Good deaths have a ripple effect that go out for a long, long way, for a long, long time and, unfortunately, so do bad deaths.

I just stumbled across a blog post titled rapture? (not what you think) on Wild Celtic Rose where she describes a personal experience with each kind of death, and she manages to convey the lasting legacy of each far more eloquently than I’ve ever been able to do.  I highly recommend a read if you get a couple free minutes sometime.  (It’s not that long and you may cry from the beauty at the end.  I sure did.)

She also brushes lightly over a couple of other interesting (and loaded) topics.

The first involves the subject of respecting another person’s right to die the way they choose (and one possible cost of not respecting said right.)

The second involves the legal right we all have to forego any treatment and die if that’s what we prefer.

And the third involves that elusive, fragile, and exquisite grace that usually surfaces when faith is respected across a divide in beliefs.  She captures the spirit of this so beautifully when she says (talking about the good death):

“Sometimes we look at other beliefs with skepticism at best.

I can say that the honest, giving, loving, non-judgmental way in which Craig and Nina lived their lives is as “Christ like” as I have ever seen.

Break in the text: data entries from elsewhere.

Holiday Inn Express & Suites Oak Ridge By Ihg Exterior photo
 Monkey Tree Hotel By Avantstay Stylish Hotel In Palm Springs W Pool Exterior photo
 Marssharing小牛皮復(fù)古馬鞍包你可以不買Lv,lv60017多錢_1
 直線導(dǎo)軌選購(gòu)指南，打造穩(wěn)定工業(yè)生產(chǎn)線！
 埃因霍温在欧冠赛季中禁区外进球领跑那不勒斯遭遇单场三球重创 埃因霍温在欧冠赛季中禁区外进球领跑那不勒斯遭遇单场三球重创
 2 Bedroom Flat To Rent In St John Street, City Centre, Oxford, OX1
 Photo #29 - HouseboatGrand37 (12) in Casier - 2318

I honestly don’t know if there is a heaven or not.

Even though we are of different faiths, I thoroughly believe that if there is one, that Craig is there and he will be joined by Nina and the rest of his family.”

A beautiful expression of how we can still love and be moved by another’s faith without necessarily sharing their beliefs.

I really, really hope you have a rapturous, awakening, living-it-like-it-was your-last kind of moment sometime this week.  We should all be that lucky.



6 responses

  1. Yes! I agree whole heartedly!! I believe all should have a right to choose when itts time to “stop” : nutrition, hydration, medications, oxygen, etc. I’ve had Hospice patients remove their own feeding tubes when the family was against stopping the tube feedings. Let’s let them tell us what they want or don’t want. And then always respect every patient’s faith or lack of faith without judgment.
    One lady said to me, “Just sit with me awhile. You don’t need to talk very much. Just listen. I want to tell you my story.” I hope when my time comes someone will listen to me.

    • It’s such a battle of instincts at times like that, isn’t it Becki? The deep drive to nurture is a hard one to turn. I would love to sit over coffee and listen to some of your stories sometime!

  2. Honestly, Dia, I try to have one of those moments at least once a day. They are often fleeting moments, brought about my the most insanely ordinary things…a fine meal, a fine wine, the lowering sun casting haunting shadows across the foothills. It takes very little to excite my sense of gratitude for the moment. I’m grateful to those who’ve shown me how important this is.

      • I’ve allowed my inner silent place to become crowded and noisy I’m afraid. Need to gently herd everyone and everything back out the gate again where they can mill around just outside if they like. It really is such a state of mind thing, as you say!